Int J Clin Exp Pathol. 2015 Sep 1;8(9):10523-33.

Variation in the expression levels of predictive chemotherapy biomarkers in histological subtypes of lung adenocarcinoma: an immunohistochemical study of tissue samples.

 

Fujimoto Y1, Togo S1, Tulafu M1, Shimizu K1, Hayashi T2, Uekusa T3, Honma Y1, Namba Y1, Takamochi K4, Oh S4, Suzuki K4, Takahashi K1.
  • 1Department of Respiratory Medicine, Juntendo University Faculty of Medicine & Graduate School of Medicine 2-1-1 Hongo, Bunkyo-Ku, Tokyo 113-8421, Japan ; Research Institute for Diseases of Old Ages, Juntendo University Graduate School of Medicine 2-1-1 Hongo, Bunkyo-Ku, Tokyo 113-8421, Japan.
  • 2Department of Pathology, Juntendo University School of Medicine 2-1-1 Hongo, Bunkyo-Ku, Tokyo 113-8421, Japan.
  • 3Department of Pathology, Labor Health and Welfare Organization Kanto Rosai Hospital 1-1 Kizukisumiyoshi-cho, Nakahara-Ku, Kawasaki, Kanagawa Prefecture 211-8510, Japan.
  • 4Department of General Thoracic Surgery, Juntendo University School of Medicine 2-1-1 Hongo, Bunkyo-Ku, Tokyo 113-8421, Japan.

 

Abstract

BACKGROUND: Lung adenocarcinoma is often composed of a complex and heterogeneous mixture of histological subtypes. Invasive adenocarcinomas are now classified by their predominant pattern, using the comprehensive histological subtyping of the International Association for the Study of Lung Cancer (IASLC), the American Thoracic Society (ATS), and the European Respiratory Society (ERS) classifications. This study aimed to determine whether the expression levels of predictive chemotherapy biomarkers are associated with the histological subtypes proposed by the IASLC/ATS/ERS classification.

MATERIALS AND METHODS: We reviewed data on representative tissue samples from 27 patients who received surgical resection and the expression of excision repair cross complementation group 1 (ERCC1), class III β-tubulin, thymidylate synthase (TS), ribonucleotide reductase M1 (RRM1), and c-Met were examined using immunostaining on tumor tissue slides. We assessed immunohistochemical H-scores, as calculated from the intensity and distribution of intratumor expression, according to the IASLC/ATS/ERS histological subtype.

RESULTS: The expression levels of predictive chemotherapy biomarkers varied according to histological subtype. The H-scores of TS and class III β-tubulin expression levels were higher in solid-type components than they were in lepidic-type components Tumors with solid predominant histology tended to recur earlier than non-solid predominant tumors. However, none of the H-scores in histologically predominant tissues was significantly associated with staging or overall survival.

CONCLUSIONS: Immunohistochemical H-scores of the predictive chemotherapy biomarkers were strongly associated with histological subtype. The presence of a solid subtype, which was associated with poor outcomes, might be assessed by measuring these biomarkers in mixed subtype adenocarcinomas.

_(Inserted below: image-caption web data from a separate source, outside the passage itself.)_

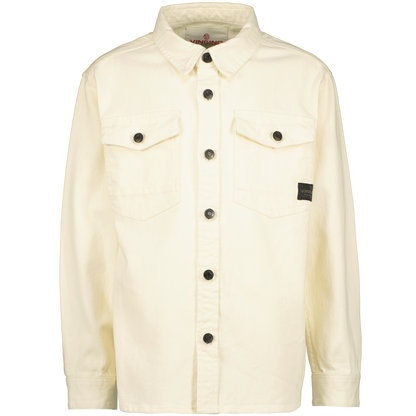Këmishë ngjyrë qumshti/lepon arctic white-Vingino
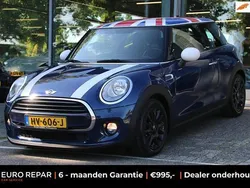 Blauw Gebruikt 2016 Mini Cooper Hatchback | € 11.395 (Super prijs)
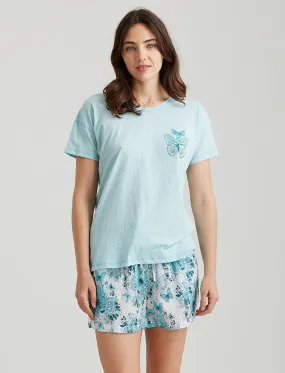 Megan Hess Butterfly Print Tee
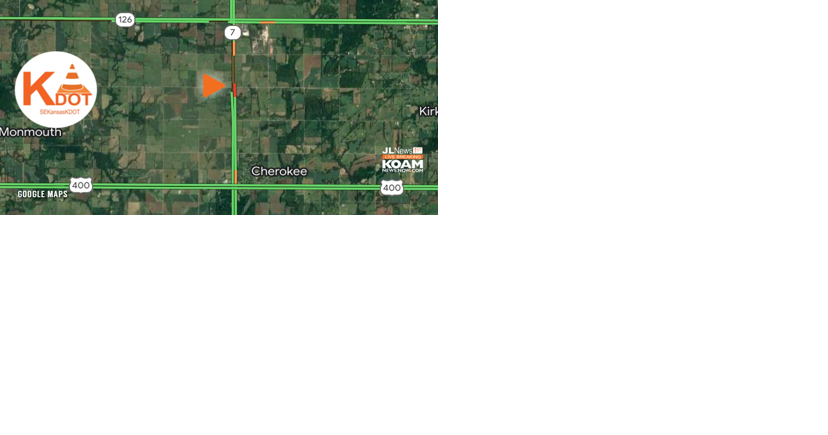 K-7 closed for hours in Crawford Co. due to Major Crash - Vimarsana News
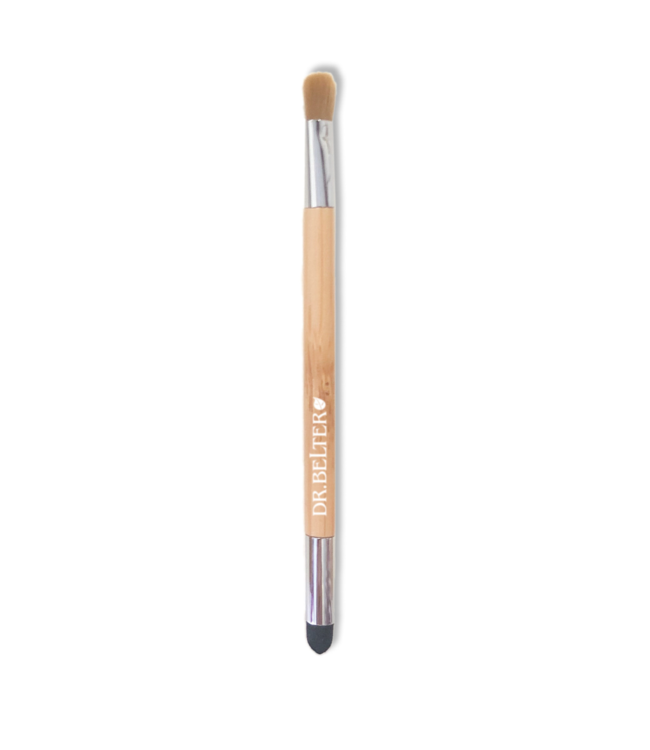 bamboo shadow & concealer brush & sponge - bambusz árnyékoló és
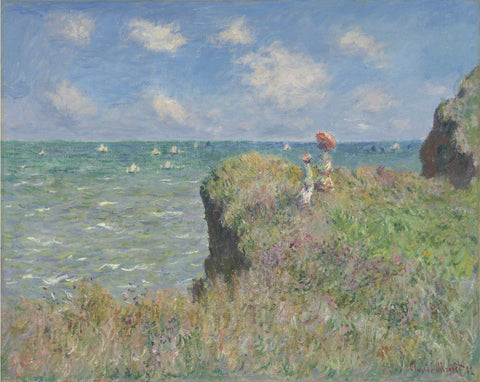 Cliff Walk at Pourville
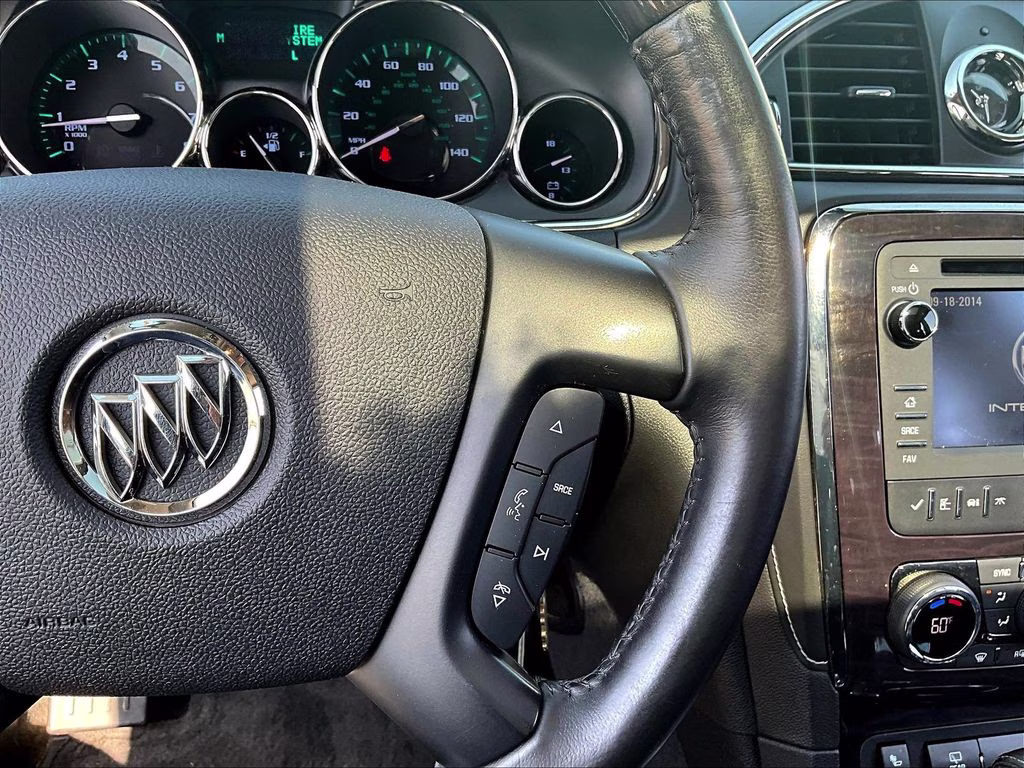 2016 Summit White Buick Enclave Leather Group FWD SUV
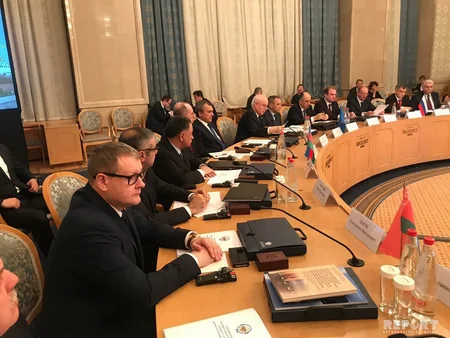 Ramil Usubov Moskvada Təhlükəsizlik Şurası katiblərinin görüşündə iştirak edib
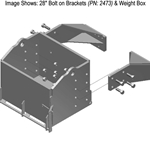 John Deere 8020T-R-RT Series Heavy-Duty Weight Boxes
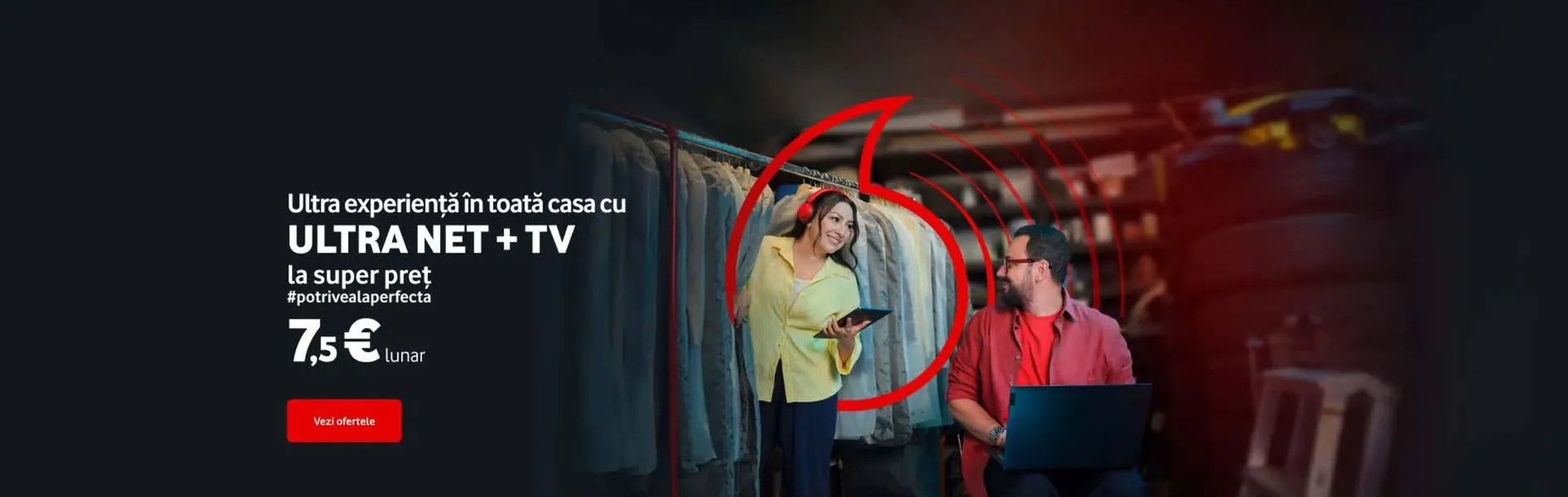 Catalog Magazine Vodafone de la 5 decembrie până la 18 decembrie 2025 - Revista Pagina 3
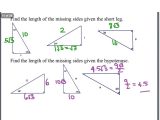 Right Triangle Trigonometry Worksheet Answers and solving Right Triangles Worksheet Cadrecorner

KEYWORDS: Class III β-tubulin; Thymidylate synthase; c-Met; excision repair cross complementation group 1; immunohistochemistry; ribonucleotide reductase M1

PMID: 26617762

 

Supplement

Immunohistochemistry is a widely applicable method of evaluating protein expression levels of biomarkers in tumor tissue and can visually distinguish cancer cells from non-cancer cells, including stromal cells. Many experimental and clinical studies have revealed that certain molecular markers, such as TS, ERCC1, RRM1, class III β-tubulin, and c-Met, have been associated with a response to chemotherapy in non-small cell lung cancer (NSCLC) patients. However, even now, a standardized immunohistochemical scoring system to quantify the expression levels of these markers has not been developed for NSCLC, and thus, inconsistent results are obtained for predictive chemotherapy biomarker levels between different institutions. In a previous meta-analysis study that investigated the association between TS expression and efficacy of pemetrexed-based chemotherapy in advanced NSCLC, TS positivity varied from 29.6% to 72.5% in NSCLC (1). Lung adenocarcinoma is often composed of a complex and heterogeneous mixture of histologic subtypes; indeed, 90% of diagnosed invasive adenocarcinomas show a histologically mixed subtype. Thus, intratumoral histological heterogeneity may explain the inconsistent results of previous immunohistochemical scoring systems.

We analyzed the heterogeneous intensity of cancer cells according to each histological subtype in patients with mixed subtype lung adenocarcinoma. Even within a single histological subtype, intensity and distribution varied. As previous studies have shown that histologic subtyping is an important and independent prognostic variable in lung adenocarcinoma (2-4), we focused on analyzing whether the expression levels of predictive chemotherapy biomarkers according to histologic subtype may be associated with chemotherapy response. In this study, we show that immunohistochemically assessed expression levels of predictive chemotherapy biomarkers differ according to the histological subtype of adenocarcinoma; to our knowledge, no other study has focused on the expression levels of predictive chemotherapy biomarkers according to the histological subtype of lung adenocarcinoma.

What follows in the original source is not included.